CONTEMPORARY NONFICTION/BIOGRAPHY
Searching for Stars on an Island in Maine by Alan Lightman (Pantheon Books)
From the author of “Einstein's Dreams,” this lyrical meditation on religion and science explores our yearning for certainty and scientific discoveries that demonstrate the uncertain nature of the world. Alan Lightman held a scientific view of the world. As a teenager, he was impressed by the logic and materiality of a universe governed by forces and laws that decree all things in the world are material and impermanence. While looking at the stars, Lightman was overcome by the sensation that he was merging with something larger than himself -- something absolute and immaterial. In “Searching for Stars on an Island in Maine,” Lightman explores these seemingly contradictory impulses.
His sources range from Saint Augustine's conception of absolute truth and certainty to Einstein's theory of relativity and recent scientific notions of multiple universes. Lightman’s journey is a profound inquiry into truth and meaning, and the different paths of religion and science.
Alan Lightman lives in the Boston area and is the author of six novels. He has worked for many years as a theoretical physicist and taught at Harvard and M.I.T., where he was the first person to receive a dual faculty appointment in science and humanities.
HISTORICAL NONFICTION
Our Beloved Kin: A New History of King Philip's War by Lisa Brooks (Yale University Press)

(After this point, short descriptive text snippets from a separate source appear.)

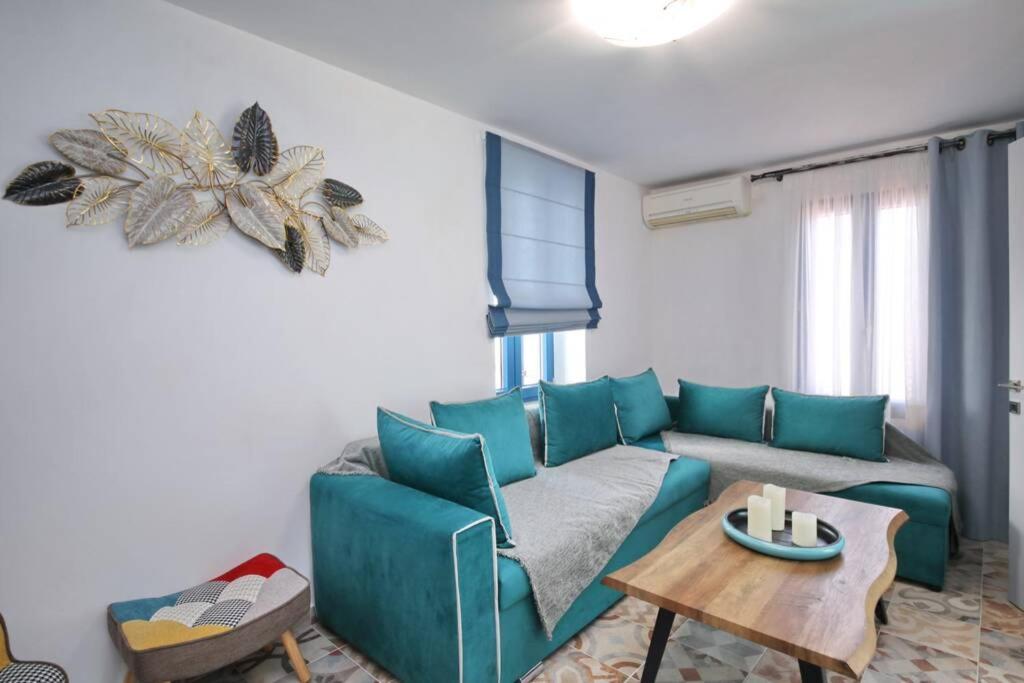 Philoxenia Guest House Skopelos Exteriér fotografie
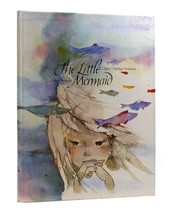 Hans Christian Andersen, Chihiro Iwasaki THE LITTLE MERMAID  1st Edition Thus 1s - £48.15 GBP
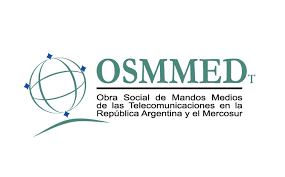 Logo osmmed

With rigorous original scholarship and creative narration, Lisa Brooks recovers a complex picture of war, captivity and Native resistance during the "First Indian War" (later named King Philip's War) by relaying the stories of Weetamoo, a female Wampanoag leader, and James Printer, a Nipmuc scholar, whose stories converge in the captivity of Mary Rowlandson. Through both a narrow focus on Weetamoo, Printer, and their network of relations, and a far broader scope that includes vast Indigenous geographies, Brooks leads us to a new understanding of the history of colonial New England and of American origins. Brooks's path-breaking scholarship is grounded not just in extensive archival research but also in the land and communities of Native New England, and by reading the actions of actors during 17th century alongside an analysis of the landscape and interpretations informed by tribal history.

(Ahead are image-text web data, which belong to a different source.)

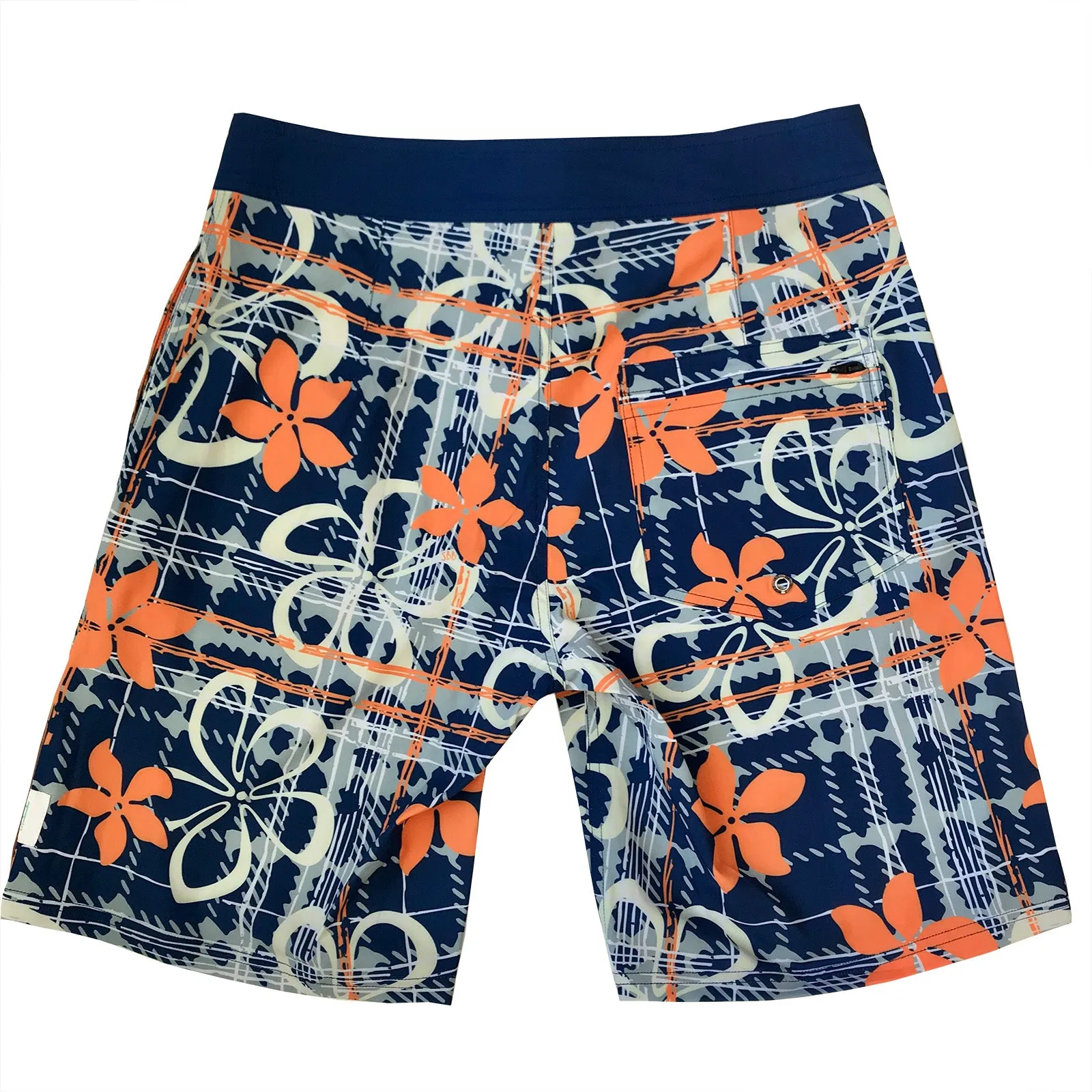 Men's Surfer Boardies: Class of '93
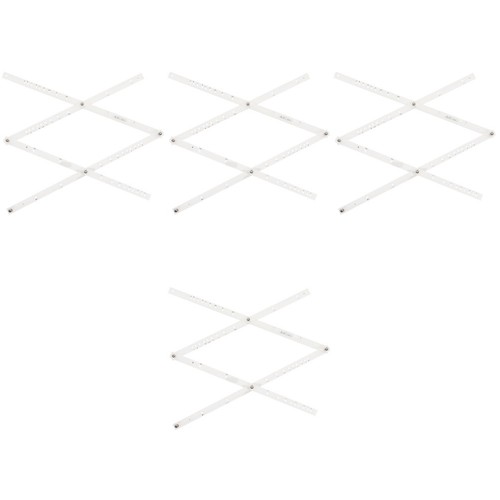 4pcs portable lightweight - portable,
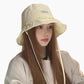 2-in-1 UPF50+ Sun Hat (Convertible to Bag)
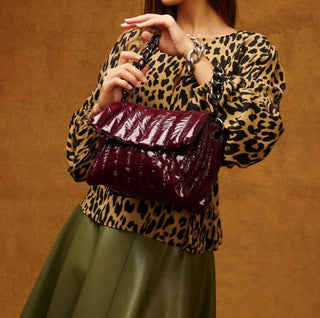 Think Royln - Bar Crossbody Bag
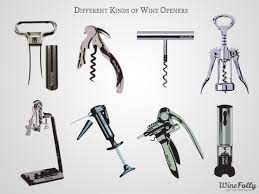 Pink corkscrew doubled hinged waiters wine key bottle opener with foil cutter. What S The Best Wine Opener For You Wine Folly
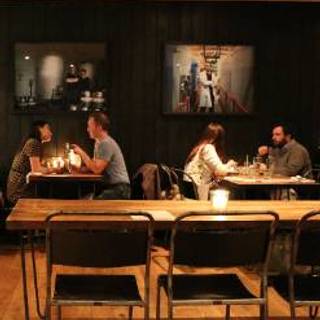 One Sixty Smokehouse & Bar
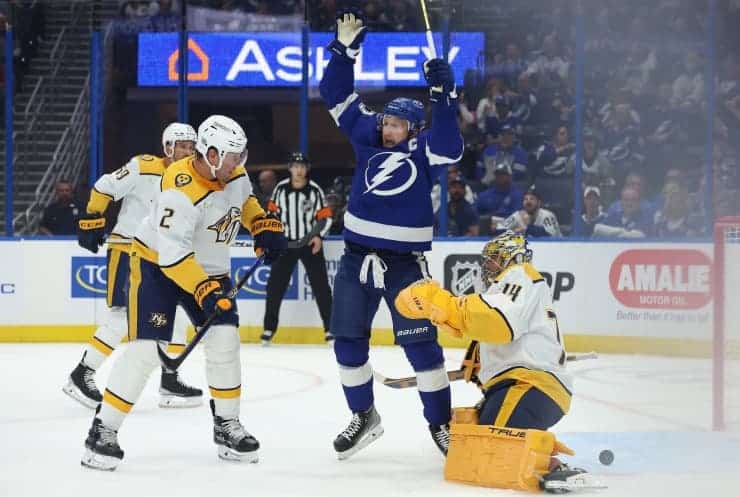 nhl opening night first goal of season (1)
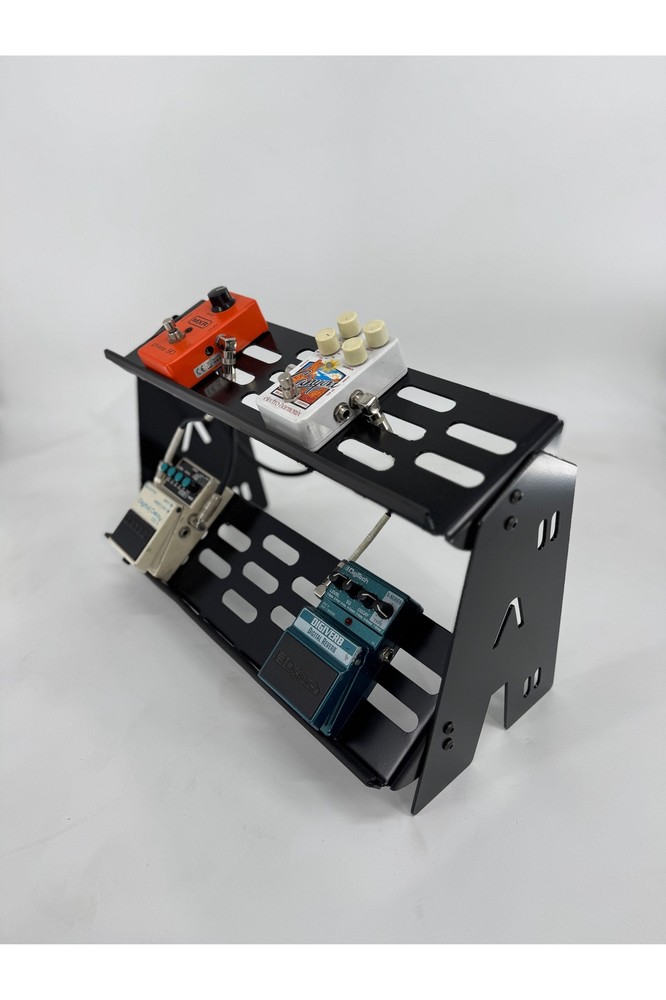 PFX Desktop Pedal Rack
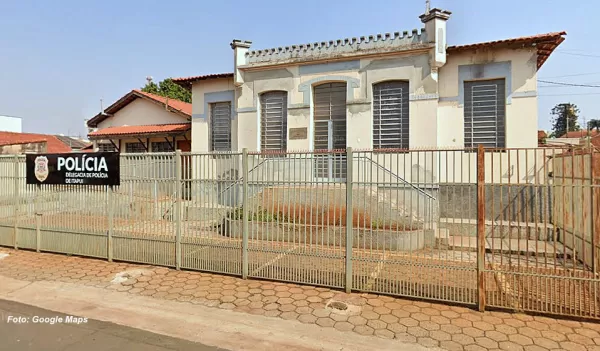 Pai é preso após agredir filha de 12 anos que se recusou a furtar casa de vizinho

Lisa Brooks is a historian, award-winning author and professor of English and American Studies at Amherst College. She serves on the advisory board of the Gedakina, a nonprofit organization on indigenous revitalization in New England.
SPECIALTY TITLE
A Naturalist at Large by Bernd Heinrich (Houghton Mifflin Harcourt)
In essays that span several decades, Heinrich finds himself at home in his beloved camp in Maine, where he plays host to annoying visitors from Europe (the cluster flies) and more helpful guests from Asia (ladybugs); and as far away as Botswana, where he unravels the far-reaching ecological consequences of elephants' bruising treatment of mopane trees. Heinrich turns to his great love, the extraordinary behaviors of ravens, some of them close companions for years. Finally, he asks "Where does a biologist find hope?" while delivering an answer that informs and inspires.
Bernd Heinrich lives in Maine and is an acclaimed scientist and author. Among his best-selling titles are “Winter World,” “Mind of the Raven,” “Why We Run” and “The Homing Instinct.” One of Heinrich’s many honors is the 2013 PEN New England Award in nonfiction for “Life Everlasting.”